__YOUR OBJECTIVE__.
Return exactly the final stretch of the records below, opening with the line that contains "Καρντάσιαν: Έβαλε τα" and closing with the last line.
=-=-=-=-=
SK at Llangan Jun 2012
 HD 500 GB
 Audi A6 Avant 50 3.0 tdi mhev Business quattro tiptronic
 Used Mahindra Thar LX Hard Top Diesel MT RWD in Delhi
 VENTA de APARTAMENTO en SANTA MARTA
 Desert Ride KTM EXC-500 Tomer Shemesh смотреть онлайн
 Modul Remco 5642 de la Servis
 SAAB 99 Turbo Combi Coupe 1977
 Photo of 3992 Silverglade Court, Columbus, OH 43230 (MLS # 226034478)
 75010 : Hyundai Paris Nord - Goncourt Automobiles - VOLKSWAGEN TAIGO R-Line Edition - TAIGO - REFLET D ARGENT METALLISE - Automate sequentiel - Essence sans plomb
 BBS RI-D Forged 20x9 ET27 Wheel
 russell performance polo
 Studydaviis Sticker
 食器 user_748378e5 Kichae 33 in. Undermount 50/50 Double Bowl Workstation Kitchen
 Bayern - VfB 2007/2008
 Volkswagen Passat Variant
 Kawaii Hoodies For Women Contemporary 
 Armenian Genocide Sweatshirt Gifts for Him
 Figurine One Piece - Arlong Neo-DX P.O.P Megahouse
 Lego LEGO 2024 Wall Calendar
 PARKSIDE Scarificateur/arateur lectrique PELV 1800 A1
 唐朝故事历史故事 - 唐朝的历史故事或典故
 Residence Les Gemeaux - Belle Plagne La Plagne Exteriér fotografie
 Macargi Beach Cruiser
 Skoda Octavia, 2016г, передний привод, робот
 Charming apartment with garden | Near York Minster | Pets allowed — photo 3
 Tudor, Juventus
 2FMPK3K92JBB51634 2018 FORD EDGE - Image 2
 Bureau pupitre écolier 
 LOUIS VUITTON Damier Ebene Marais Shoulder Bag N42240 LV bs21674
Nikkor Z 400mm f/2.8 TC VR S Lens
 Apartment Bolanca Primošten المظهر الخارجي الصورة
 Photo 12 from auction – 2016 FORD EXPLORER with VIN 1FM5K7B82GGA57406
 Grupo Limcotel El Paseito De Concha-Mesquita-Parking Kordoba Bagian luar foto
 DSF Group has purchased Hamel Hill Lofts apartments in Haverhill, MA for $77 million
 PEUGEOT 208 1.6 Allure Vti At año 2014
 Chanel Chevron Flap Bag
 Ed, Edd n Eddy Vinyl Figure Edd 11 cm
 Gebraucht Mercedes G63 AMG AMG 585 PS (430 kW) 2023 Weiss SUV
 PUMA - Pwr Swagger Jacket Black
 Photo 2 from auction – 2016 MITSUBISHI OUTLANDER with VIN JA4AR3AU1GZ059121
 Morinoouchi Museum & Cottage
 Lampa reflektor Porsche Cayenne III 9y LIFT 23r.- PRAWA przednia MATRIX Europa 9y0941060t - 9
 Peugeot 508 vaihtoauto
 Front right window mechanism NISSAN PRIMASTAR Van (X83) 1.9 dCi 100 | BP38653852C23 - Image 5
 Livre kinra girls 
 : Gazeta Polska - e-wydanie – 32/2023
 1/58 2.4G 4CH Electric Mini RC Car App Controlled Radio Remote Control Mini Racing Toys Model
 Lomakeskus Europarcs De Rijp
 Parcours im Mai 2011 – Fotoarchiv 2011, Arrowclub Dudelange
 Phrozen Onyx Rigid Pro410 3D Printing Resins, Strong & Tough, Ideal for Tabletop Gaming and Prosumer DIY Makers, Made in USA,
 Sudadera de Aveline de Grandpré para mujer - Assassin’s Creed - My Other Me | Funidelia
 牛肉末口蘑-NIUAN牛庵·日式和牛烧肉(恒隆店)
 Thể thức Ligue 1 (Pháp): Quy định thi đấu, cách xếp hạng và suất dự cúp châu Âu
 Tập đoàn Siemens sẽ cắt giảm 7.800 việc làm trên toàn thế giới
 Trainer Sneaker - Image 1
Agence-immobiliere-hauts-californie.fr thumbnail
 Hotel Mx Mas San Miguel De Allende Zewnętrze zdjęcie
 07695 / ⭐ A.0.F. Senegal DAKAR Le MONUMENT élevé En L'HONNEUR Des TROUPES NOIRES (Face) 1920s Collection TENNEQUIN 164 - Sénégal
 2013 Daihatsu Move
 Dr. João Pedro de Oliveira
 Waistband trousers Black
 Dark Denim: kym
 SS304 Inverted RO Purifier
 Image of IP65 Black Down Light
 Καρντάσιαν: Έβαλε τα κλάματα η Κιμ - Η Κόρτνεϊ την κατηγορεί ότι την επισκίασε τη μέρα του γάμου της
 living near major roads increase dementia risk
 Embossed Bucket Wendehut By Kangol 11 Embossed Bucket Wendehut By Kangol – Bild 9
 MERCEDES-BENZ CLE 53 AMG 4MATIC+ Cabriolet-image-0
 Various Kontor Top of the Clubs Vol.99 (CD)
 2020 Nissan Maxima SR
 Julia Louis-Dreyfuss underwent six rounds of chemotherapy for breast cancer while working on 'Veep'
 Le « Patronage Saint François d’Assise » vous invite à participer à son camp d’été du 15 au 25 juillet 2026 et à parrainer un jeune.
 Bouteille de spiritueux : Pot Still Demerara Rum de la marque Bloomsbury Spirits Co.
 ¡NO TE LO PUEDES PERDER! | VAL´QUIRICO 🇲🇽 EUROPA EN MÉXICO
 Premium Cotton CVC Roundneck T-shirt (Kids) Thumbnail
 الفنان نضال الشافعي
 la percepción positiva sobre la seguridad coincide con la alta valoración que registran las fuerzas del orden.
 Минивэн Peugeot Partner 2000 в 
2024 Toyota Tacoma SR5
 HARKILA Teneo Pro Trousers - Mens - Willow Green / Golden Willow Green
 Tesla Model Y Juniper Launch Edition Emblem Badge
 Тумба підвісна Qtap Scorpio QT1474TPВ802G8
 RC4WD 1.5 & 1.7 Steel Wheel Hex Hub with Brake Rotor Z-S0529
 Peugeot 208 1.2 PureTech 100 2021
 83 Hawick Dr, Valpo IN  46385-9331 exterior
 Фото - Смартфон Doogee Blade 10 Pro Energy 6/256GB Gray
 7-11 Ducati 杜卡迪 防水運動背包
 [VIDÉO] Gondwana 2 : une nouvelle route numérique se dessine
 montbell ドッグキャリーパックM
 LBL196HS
=-=-=-=-=
__TASK OUTPUT__.
 Καρντάσιαν: Έβαλε τα κλάματα η Κιμ - Η Κόρτνεϊ την κατηγορεί ότι την επισκίασε τη μέρα του γάμου της
 living near major roads increase dementia risk
 Embossed Bucket Wendehut By Kangol 11 Embossed Bucket Wendehut By Kangol – Bild 9
 MERCEDES-BENZ CLE 53 AMG 4MATIC+ Cabriolet-image-0
 Various Kontor Top of the Clubs Vol.99 (CD)
 2020 Nissan Maxima SR
 Julia Louis-Dreyfuss underwent six rounds of chemotherapy for breast cancer while working on 'Veep'
 Le « Patronage Saint François d’Assise » vous invite à participer à son camp d’été du 15 au 25 juillet 2026 et à parrainer un jeune.
 Bouteille de spiritueux : Pot Still Demerara Rum de la marque Bloomsbury Spirits Co.
 ¡NO TE LO PUEDES PERDER! | VAL´QUIRICO 🇲🇽 EUROPA EN MÉXICO
 Premium Cotton CVC Roundneck T-shirt (Kids) Thumbnail
 الفنان نضال الشافعي
 la percepción positiva sobre la seguridad coincide con la alta valoración que registran las fuerzas del orden.
 Минивэн Peugeot Partner 2000 в 
2024 Toyota Tacoma SR5
 HARKILA Teneo Pro Trousers - Mens - Willow Green / Golden Willow Green
 Tesla Model Y Juniper Launch Edition Emblem Badge
 Тумба підвісна Qtap Scorpio QT1474TPВ802G8
 RC4WD 1.5 & 1.7 Steel Wheel Hex Hub with Brake Rotor Z-S0529
 Peugeot 208 1.2 PureTech 100 2021
 83 Hawick Dr, Valpo IN  46385-9331 exterior
 Фото - Смартфон Doogee Blade 10 Pro Energy 6/256GB Gray
 7-11 Ducati 杜卡迪 防水運動背包
 [VIDÉO] Gondwana 2 : une nouvelle route numérique se dessine
 montbell ドッグキャリーパックM
 LBL196HS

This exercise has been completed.